Sunday, August 28, 2016

chinuch suggestions for boys from an educator

I read this with interest.  Since I'm unschooling the boys, I imagine we will be doing all of this a lot later than his suggestions, but for people who are doing traditional homeschool chinuch (hahahahaha whatever that means) and have only the education you received as a child, or if perhaps you didn't have a day school education and you aren't really sure where to start, or if you have some ideas and you'd like to read some more ideas, Rabbi Pesach Sommer wrote some very specific suggestions in his blog post The Chinuch Our Boys Deserve- Creating a better Torah curriculum for boy's yeshivas


Friday, August 19, 2016

Still summer

It's been a while since I posted.  Chana went away for August and I'm left dangling in the middle of Camus and physics.  Aharon has been in daycamp and is lapping up the Rebbe and his puppet antics and his singing (except for mild anxiety that every time he eats without making a bracha that he is "stealing" from Hashem).  This is the first time in his life that he's been with a peer group for a prolonged period of time.  At home (I might have blogged about my dissatisfaction about this), two years ago, he was the youngest of the band of boys, always last, always miserable.  I would have sent him to preschool but he was a biter, hitter, tantrummer, and I just didn't feel that they would handle all that in the way I would have liked.  Then last year, the girls in the family of our homeschooling neighbors grew up enough to be good playmates for him (he generally plays less aggressively with girls) and he had a pretty happy year.  But this year he got to have his band of boys and it was lovely.  I would send him to kindergarten if not for the $9000 price tag.

I would say none of the boys did much academically.  This past week Elazar enthusiastically decided to write a story.  I helped him with punctuation and spelling.

He asked me yesterday for Scribblenauts Unlimited.  After he attempted to download for free and infected the desktop with no fewer than five viruses, I found out that for twenty dollars there is a desktop version available to purchase.  Sadly the ones in his current price range (he has $13 and change) are only for the WiiU which he has not been able to save up money to get.

I suggested that we spend two weeks learning and I would pay the remainder of the money.  He was enthusiastic about the idea but not thrilled about learning.  As always, I continue to be pulled in two directions.  The unschooling philsophy of patience and trust and the idea that when it is meaningful or useful or interesting, they will learn it.  And the idea that items have to be earned.

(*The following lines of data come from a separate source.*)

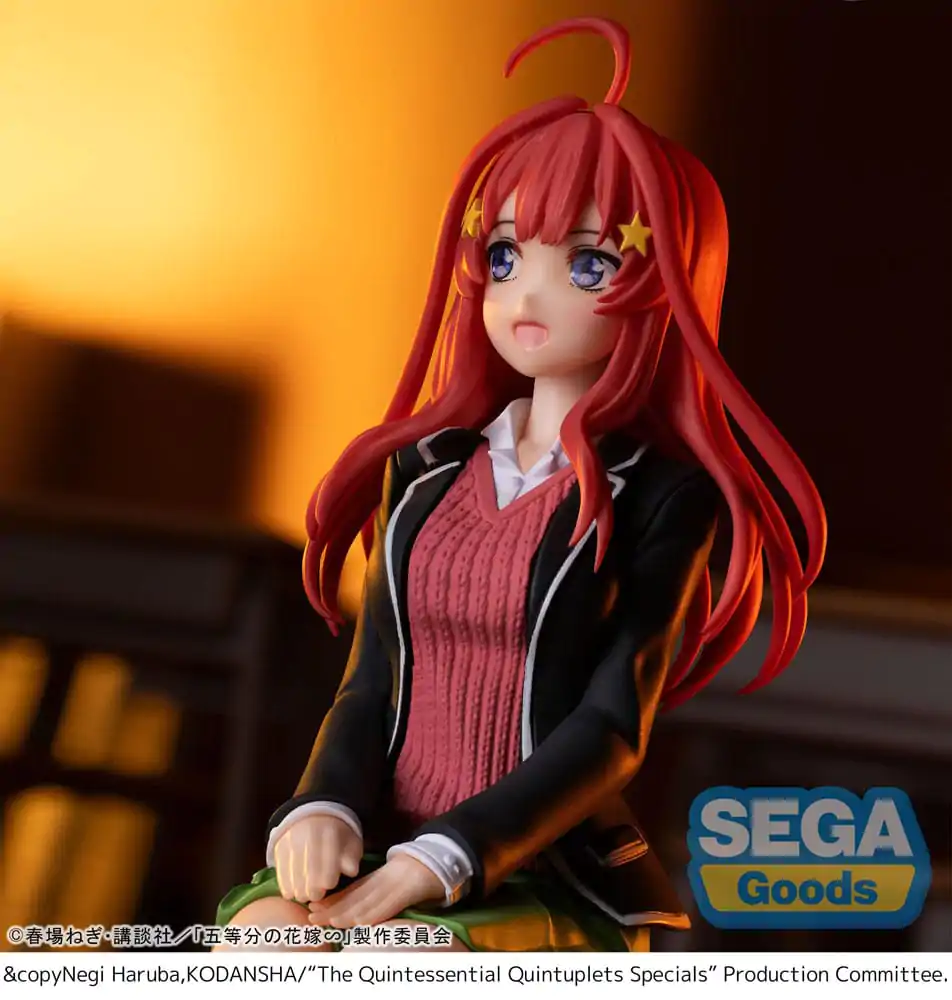 The Quintessential Quintuplets Specials PM Perching PVC Kip Itsuki Nakano 10 cm fotografija izdelka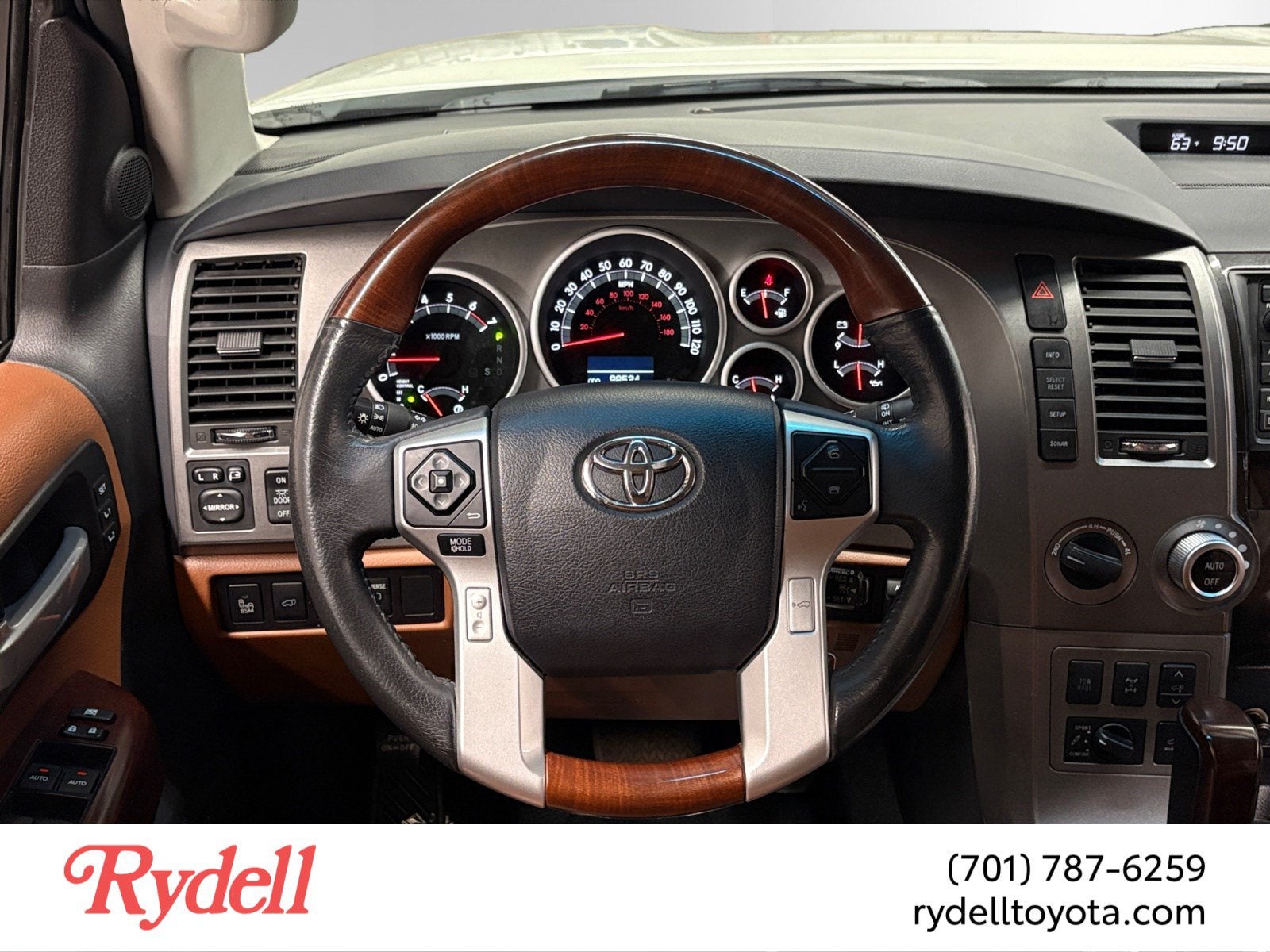 2017 Toyota Sequoia Platinum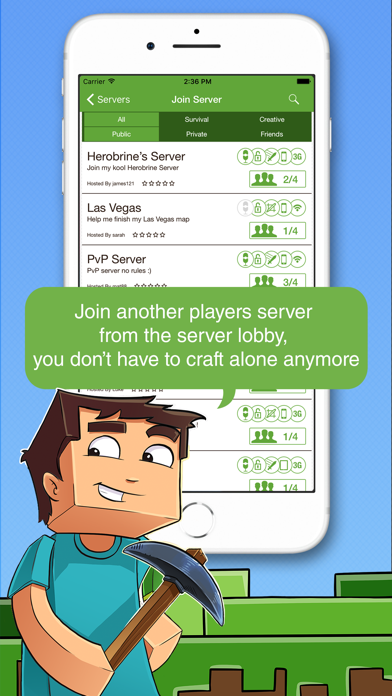 Multiplayer For Minecraft Pe App Profile Reviews Videos And More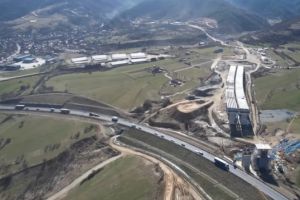 Autostrada A13 Sibiu-Făgăraş: Cum arată cel mai complex nod rutier din România – VIDEO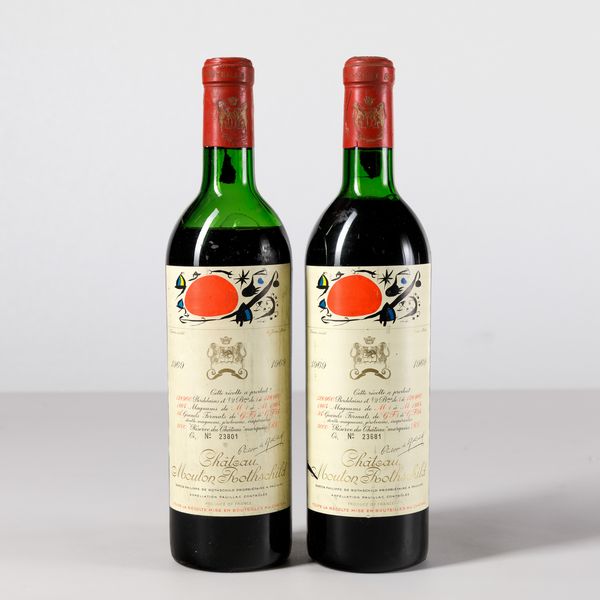 Chateau Mouton Rothschild, Pauillac  - Asta Heritage. Vini e Distillati da Collezione - Associazione Nazionale - Case d'Asta italiane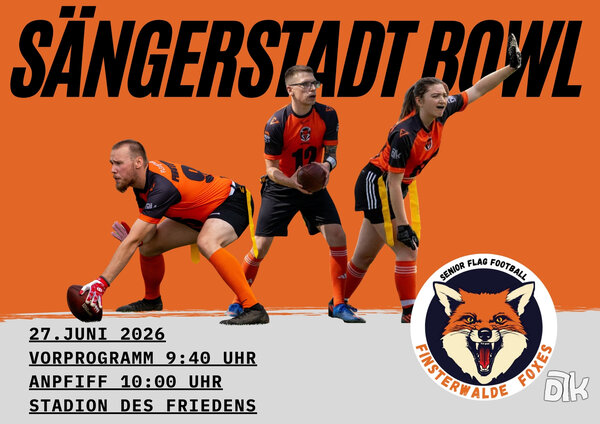 Bild vergr&ouml;&szlig;ern: Spieltagsflyer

I don't think the idea of earning what you want is anti-unschooling; probably the opposite.  But using learning as a way to earn--using the "lo lishma" interferes in the lishma aspect and definitely creates some negative feelings towards learning.    Yet I persist.  Either because of fear that he won't learn otherwise, or the thought that if I just keep presenting it to him some of it might click, or the Rambam and Pirkei Avos's idea (which is not unschooling philosophy) that you tell the children to learn for what they value, until they value Torah.

What to learn with him?  I suggested hilchos Shabbos, which we learned a while back and I have happy memories of.  From his frown, we clearly had abandoned that pursuit a bit too late for him.

"That was boring," he said.

"You are two years older now," I answered.  "Maybe you'll like it."  He disagreed.

I went back to the halacha yomit that I had received in my inbox for a while.  There were fewer halachos than I thought there would be.  But still plenty to learn.  I did the first one with him.  It was under five minutes, during which he stood, picked up something plastic to play with, attached it to his face, and stepped up and down repeatedly on my chair.  But he was also thinking pretty carefully about the halacha we were learning (which is about kavana during Shema) and it was meaningful to him.

I've been thinking for months that I'd like to get back to learning a teeny bit with him every day.  But I hadn't gotten to it.  This was great.  I often feel like I love learning with my children way more than they love learning with me.  It is a joy and a privilege.

And on a final note, I was trying to daven out loud in the mornings this summer since I'm home.  I have also been trying (with mixed success) to remember to say brachos out loud.  I kind of ran out of steam to sit there davening out loud as the boys play on their tablets.  But perhaps when the school year starts I will ask them to turn down sound during tefila and maybe join me in some songs.  We'll see.  I have a different schedule this year so I won't be running out most mornings anymore.